User Acquisition

By | January 14, 2014

In this post I will describe the user acquisition process we used to get thousands of people to sign-up for TypeKids.com. Quite a success, but  it was preceded by a launch that taught me the importance of having a strategy to acquire users.

I vividly remember the first time a friend and I launched a product. It was called MailToVoice, an application that enabled users to dial a phone number and listen to their email (this was before smartphones became ubiquitous). We figured that the product was so good, all we needed to do was putting it out there and wait for users to sign-up. By the thousands. “Build it and they will come.” Right?

Overnight successes rarely happen. As an entrepreneur you need to hope for the best and plan for the worst. That is why it is important to have a solid strategy for user acquisition. Chances are, that if you do not actively pursue new users a few months after launching only your girlfriend, some friends and mother will be using the product.

User acquisition is about getting interested prospects. It is the part art, part quantifiable process of attracting visitors to your website and getting them to use your product.

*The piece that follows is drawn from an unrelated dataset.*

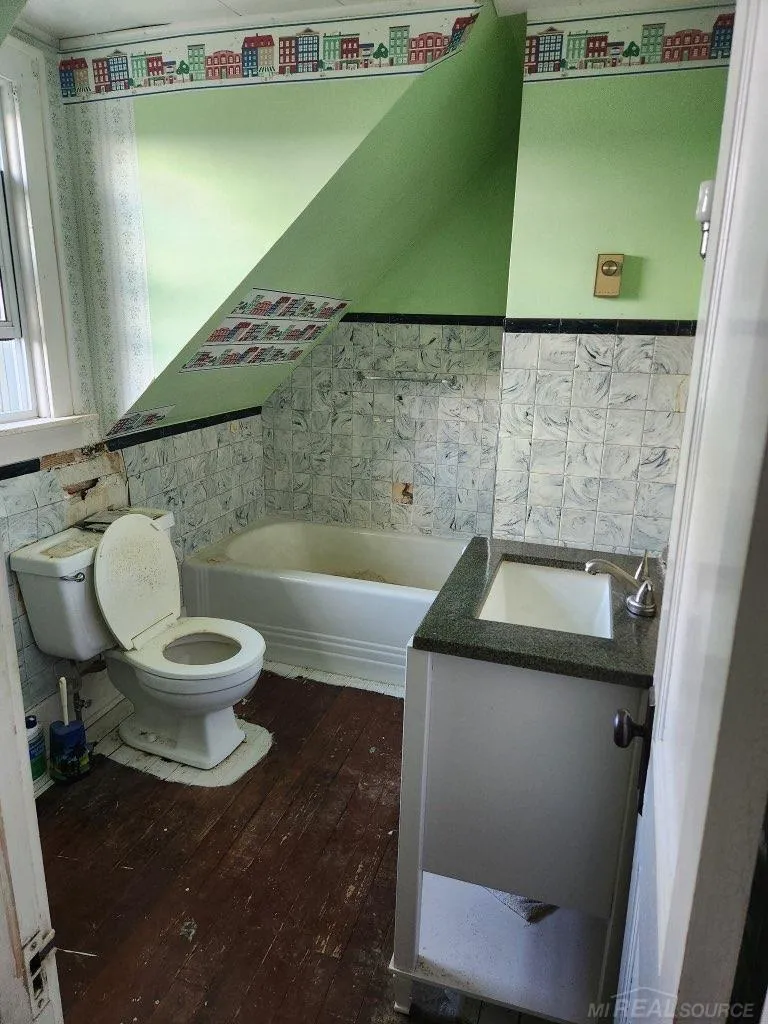 71040 Omo Road Richmond Township, MI 48062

Who are your target users?

All user acquisition starts with knowing your audience. Start with defining your ideal customer. The person you had in mind when you developed your product or service. Describe your ideal customers in as much detail as you possibly can. What do they do in their spare time? How old are they? Do they have children? Are they single female executives who like to travel? Male, overweight football fans over 40? You get the idea. The more detailed you can describe them the better: gender, age group, social status, profession, kids, hobbies, favorite brands etc. etc.

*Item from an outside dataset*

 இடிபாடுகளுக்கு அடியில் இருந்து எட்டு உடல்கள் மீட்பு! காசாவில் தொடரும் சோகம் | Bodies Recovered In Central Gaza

Defining the target market

This first step should be easy. If it does not directly come to mind right away who the target users of your product are, you do not know the market and/or you do not have a clear value proposition.

When your product already has active users find out as much as possible about them as well. Then compare this to your definition of your “ideal customer”. Are there any differences? What explains the variation? Are these not the type of users you should be targeting (as well)? Don´t forget that the best users are customers who pay for your product.

The better you can describe your audience, the easier the next step will be.

Getting your target users to notice you

Now that you know the ideal user you want to use your product, the next step is to get them to notice you. Think about all the places your users hang-out, both online and in the real world.

You can use this information to brainstorm as many ideas as possible that will get you in front of your potential users. Anything goes, even ideas that do not scale.  Any idea that drives new users to your product is good at this stage. Even when it is just a single user per action. Find out what works and only then figure out how you can start doing more of it.  Anything that is profitable can be done on a bigger scale.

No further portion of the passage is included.